| |
Siz hiç kırmızı halı üzerinde yürüdünüz mü?
Çekilen film başına düşen sinema eleştirmeni sayısı mevzu bahis olduğunda cennet vatan liderliği kimseye bırakmaz. Nüfus yoğunluğunu gösteren haritaların sinema yazarı versiyonunu yapsalar, Türkiye en koyu renkle taranmış coğrafya olur.
Geyik bir yana, tanıdığım onca sinema eleştirmeninin işlerine, sinema sanatına duydukları tutkuyu kıskanmıyor değilim. Olabildiğince çok olsun! Pazartesi gecesi SİYAD'ın (Sinema Yazarları Derneği) Türk Sineması Ödül Töreni'ne gittim. Emek Sineması "kırmızı halılı" gecelerinden birini daha yaşıyordu.
Daha önce hiç ama hiç kırmızı halı güzergahını takip ederek bir mekana gitmediğimden tereddüt edip gümüşçü tezgahına sığındım. Yalandan yüzüklerle ilgileniyormuş gibi yapmakta selamet var. Haşmet Abi'min başparmak yüzüğünü buradan tedarik ettiğini keşfettim bu vesileyle de, n'pıcam şimdi? Çıkarız halının üstüne, biri yakamıza yapışır hemşehrim siz yan kapıdan girin der rezil oluruz. Organizasyon komitesi üyelerinden Uğur Vardan'ı arayıp kırmızı halıdan geçip geçemeyeceğimi sordum.

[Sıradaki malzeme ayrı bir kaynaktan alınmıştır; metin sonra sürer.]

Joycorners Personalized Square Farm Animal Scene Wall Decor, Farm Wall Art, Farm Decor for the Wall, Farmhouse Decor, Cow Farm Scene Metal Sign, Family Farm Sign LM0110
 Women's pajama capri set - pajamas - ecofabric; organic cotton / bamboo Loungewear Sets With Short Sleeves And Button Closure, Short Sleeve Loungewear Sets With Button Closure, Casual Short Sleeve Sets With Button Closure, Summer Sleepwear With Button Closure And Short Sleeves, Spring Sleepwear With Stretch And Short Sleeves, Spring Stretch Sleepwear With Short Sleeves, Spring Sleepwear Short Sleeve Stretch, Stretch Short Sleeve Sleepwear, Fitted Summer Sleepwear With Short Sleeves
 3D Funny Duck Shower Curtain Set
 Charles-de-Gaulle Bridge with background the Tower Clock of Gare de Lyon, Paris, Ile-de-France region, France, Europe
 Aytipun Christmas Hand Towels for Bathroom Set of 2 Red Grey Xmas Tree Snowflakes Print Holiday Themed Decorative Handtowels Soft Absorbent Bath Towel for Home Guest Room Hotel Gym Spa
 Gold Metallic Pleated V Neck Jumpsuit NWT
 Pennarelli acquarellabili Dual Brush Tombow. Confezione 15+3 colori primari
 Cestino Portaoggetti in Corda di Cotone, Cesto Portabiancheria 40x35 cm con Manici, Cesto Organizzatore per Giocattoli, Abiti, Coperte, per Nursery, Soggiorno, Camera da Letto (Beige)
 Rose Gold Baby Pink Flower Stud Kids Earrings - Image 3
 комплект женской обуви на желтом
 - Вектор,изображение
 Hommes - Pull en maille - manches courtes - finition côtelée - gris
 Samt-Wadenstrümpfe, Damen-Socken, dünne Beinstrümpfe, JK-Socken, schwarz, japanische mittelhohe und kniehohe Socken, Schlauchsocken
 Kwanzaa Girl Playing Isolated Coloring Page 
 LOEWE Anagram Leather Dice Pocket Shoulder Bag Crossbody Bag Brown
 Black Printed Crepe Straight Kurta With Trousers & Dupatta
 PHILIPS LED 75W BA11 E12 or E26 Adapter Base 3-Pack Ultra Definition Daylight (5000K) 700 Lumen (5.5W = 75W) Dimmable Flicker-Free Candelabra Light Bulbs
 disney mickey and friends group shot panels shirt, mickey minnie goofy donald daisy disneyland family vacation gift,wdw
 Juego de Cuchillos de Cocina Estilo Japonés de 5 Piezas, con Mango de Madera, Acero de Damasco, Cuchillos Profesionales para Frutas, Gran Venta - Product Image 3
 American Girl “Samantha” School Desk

Yetki alınca daldım. Ya ne mübarek bir hismiş kırmızı halı üzerinde yürümek. Ciddi söylüyorum. İnsan kendini Reisicumhur gibi hissediyor. Demek hayatta hiçbir şey boşuna yapılmıyor. İlk iş oturduğum apartmanın girişine kırmızı halı serdirmek olacak. Eve Ahmet Necdet Sezer gibi gireceğim bundan sonra.
Neyse boş bir yer bulup çöktüm. Atilla Dorsay ve Deniz Akkaya bu mütevazı törenin sunuculuğunu yaptılar. Deniz Akkaya gerçekten nefes kesici. Kırmızı halı tecrübemin üstüne ilk kez Deniz Akkaya'yı yakından görmek 19 Ocak 2004 gecesini çok özel yaptı benim için. En iyi film Karşılaşma. En iyi yönetmen Ömer Kavur-Karşılaşma. En iyi erkek oyuncu Şevket Çoruh- İnşaat. En iyi kadın oyuncu Yelda Kaymakçı- Çamur. Beni en çok heyecanlandıran Suna Pekuysal'ın İnşaat filmiyle en iyi yardımcı kadın oyuncu ödülünü almış olmasıydı. Avuçlarım patlayana kadar alkışladım.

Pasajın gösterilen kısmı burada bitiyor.